The study suggests that spinning top-shaped, rubble-pile objects with high organic content, such as Ryugu and Bennu (the target of the OSIRIS-Rex mission) are comet–asteroid transition objects (CATs).
‘CATs are small objects that were once active comets but have become extinct and apparently indistinguishable from asteroids,’ said Dr Miura.
‘Due to their similarities with both comets and asteroids, CATs could provide new insights into our solar system.’
The researchers say they hope detailed analysis of the Ryugu samples will shed more light on the asteroid’s origin.

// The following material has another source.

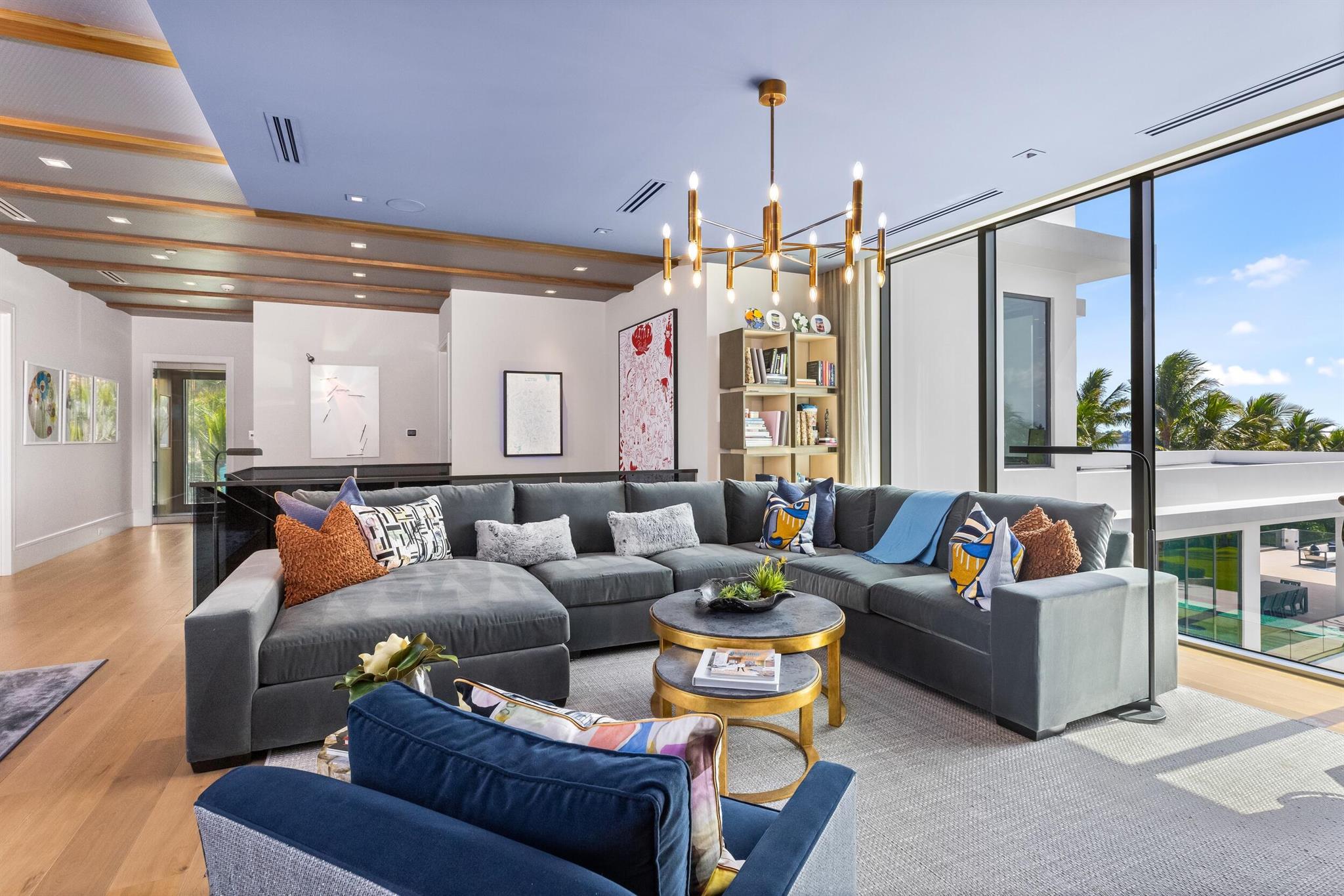 1660 S Ocean Boulevard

Hayabusa2 first visited Ryugu in June 2018. From there, it took measurements and samples of the asteroid, before leaving for Earth in November 2019 and returning the data a year later
Samples from the diamond shaped, half-mile diameter space rock were returned to Earth for study by the Japan Aerospace Exploration Agency in 2020
About 0.19 ounces of rock arrived on Earth in December 2020, returned to the planet by the Hayabusa2 spacecraft from Ryugu.
Previous tests have already shown that the space rock contains some of the ‘most primordial material’ ever examined, with scientists saying it could solve the mystery of how the solar system formed.
University of Queensland, Australia experts said the samples were among the darkest materials ever examined, reflecting just two per cent of the light that hits them.
They are also very porous, and could hold the key to understanding how the first building blocks of life came to arrive on Earth 4.5 billion years ago, the team said.
A NASA spacecraft is also on the way back from asteroid Bennu with samples of the space rock, while multiple agencies are working on a sample return mission from Mars.
STUDYING THE ASTEROID RYUGU WILL HELP SCIENTISTS UNDERSTAND THE HISTORY OF THE SOLAR SYSTEM
Jaxa’s Hayabusa Two probe visited the ancient asteroid Ryugu in a bid to help scientists better understand the origins of the solar system.
The probe launched in December 2014 and arrived at the dice-shaped space rock on June 27, 2018, bringing samples back to Earth in December 2020.
The probe was loaded with four surface landers, an array of cameras and even an explosive device that dug out subsurface rock samples.
Ryugu, a Type C asteroid, contains traces of water and organic material and it is hoped that analysing this material will reveal what the early conditions were like at the time the solar system formed around 4.6 billion years ago.